Alors, heureux les pauvres ?

, par Jimmy Markoum

Ce matin, en chemin pour aller prendre mon café, je tombe nez à nez avec une énorme affiche placardée sur les grilles de la basilique. Je m’arrête, on est à Saint-Denis…un nouvel appel à manif’ ? Comment ça ? Je ne suis pas au courant ! Non, simplement l’info qu’on avait toutes et tous ratée : « Heureux les pauvres ! ».

Cette affiche, visiblement à l’initiative du diocèse de Saint-Denis, annonce la « 5e Journée mondiale des Pauvres » qui a eu lieu les 13 et 14 novembre derniers. Mais le message porté et la symbolique des images choisies sont au mieux maladroits, au pire une nouvelle manifestation d’une petite musique du temps.

Les pauvres, arrêtez de vous plaindre, la vie est belle !

Mais oui, applaudissons ! Pour une fois, nous sommes les champions toute catégorie. Non seulement, nous habitons le département le plus pauvre de France métropolitaine mais Saint-Denis fait encore mieux avec plus d’une personne sur trois en-dessous du seuil de pauvreté [1].

La pauvreté, c’est vachement sympa : les logements insalubres, les gens qui ne se font pas soigner par manque de moyens, les élèves qui n’ont parfois que la cantine du midi pour seul repas de la journée. Et puis, on sort d’une période tellement drôle avec des personnes qui ont littéralement baigné dans la mort pendant le confinement (la mortalité a été multipliée par presque 4 sur le territoire de Plaine Commune en mars-avril 2020 [2]).

Et puis, « cette dame noire » placée au centre de l’affiche inspire tellement la joie de vivre…au milieu de ces gens qui font la gueule, ou qui prient, ou qui font la gueule car elle les empêche de prier. Enfin, c’est tellement beau ce mélange des gens de toutes origines, cette illustration du « vivre-ensemble ». Et puis, c’est bien connu, les « Noirs , ils sont pauvres mais ils ont tellement la joie de vivre chevillée au corps »…

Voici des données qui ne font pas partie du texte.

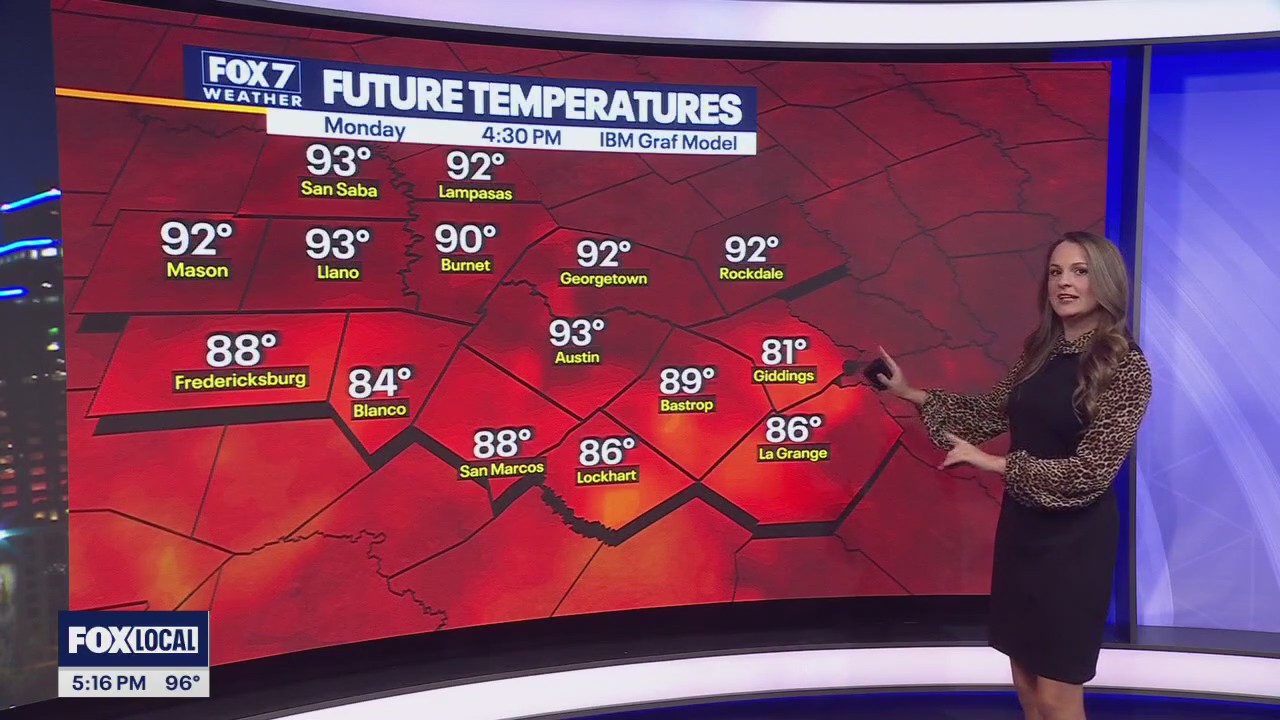 Austin weather: June 29 evening forecast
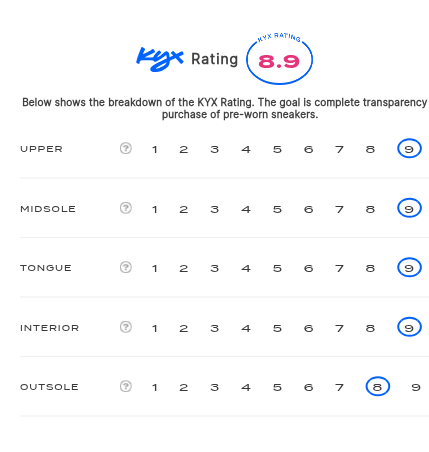 rating-card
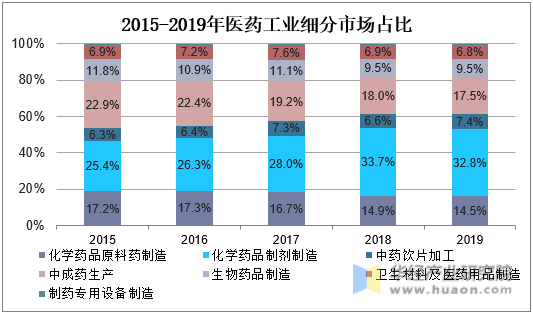 2015-2019年医药工业细分市场占比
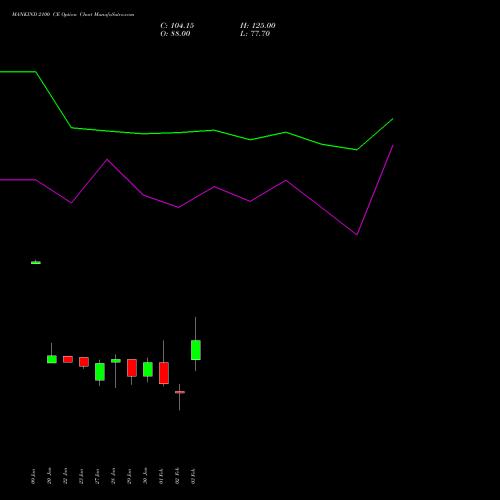 MANKIND 2100 CE (CALL) 24 February 2026 options price chart analysis Mankind Pharma Limited 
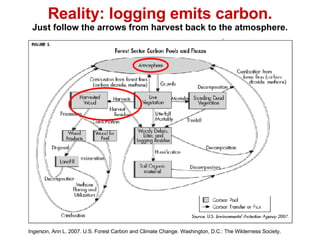 Ingerson, Ann L. 2007. U.S. Forest Carbon and Climate Change. Washington, D.C.: The Wilderness Society. Reality: logging e...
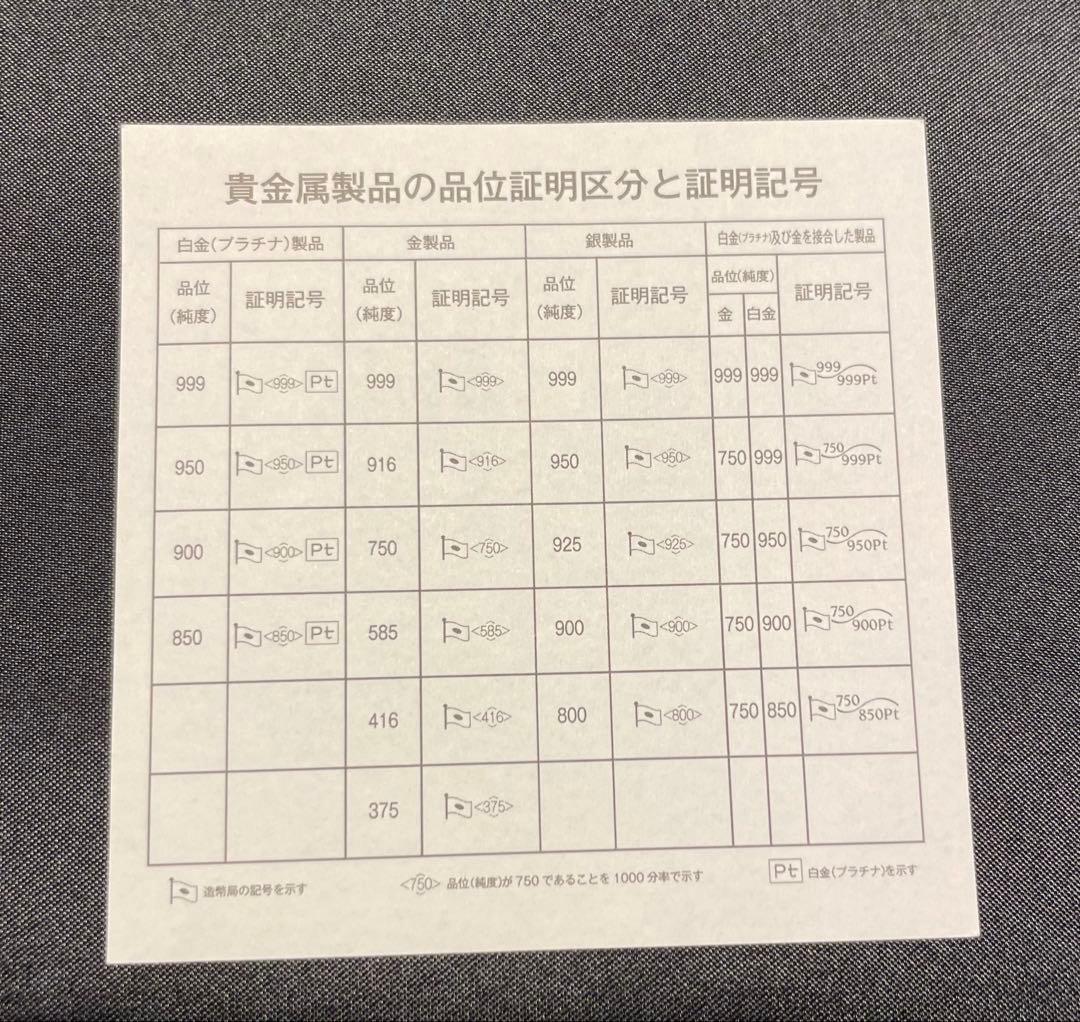 初の貨幣図案公募100年記念メダル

Bref, on se demande bien qui a pu avoir l’idée folle de cette affiche d’une violence symbolique inouïe en plein cœur de Saint-Denis. Le message envoyé paraît clair : on peut être pauvre et être heureux si on croit dans l’amour de dieu. Alors, les pauvres, arrêtez de vous plaindre et priez ! Pourquoi vouloir changer les choses, ici-bas ?

Mais non, t’as rien compris mon pauvre ami : vive les pauvres et les immigré.e.s !

On me dira qu’il s’agit d’une parole de Jésus tirée du « Sermon sur la montagne », rapportée dans les Evangiles, et visant justement à faire l’éloge des pauvres : « Heureux les pauvres en esprit, car le Royaume des Cieux est à eux ».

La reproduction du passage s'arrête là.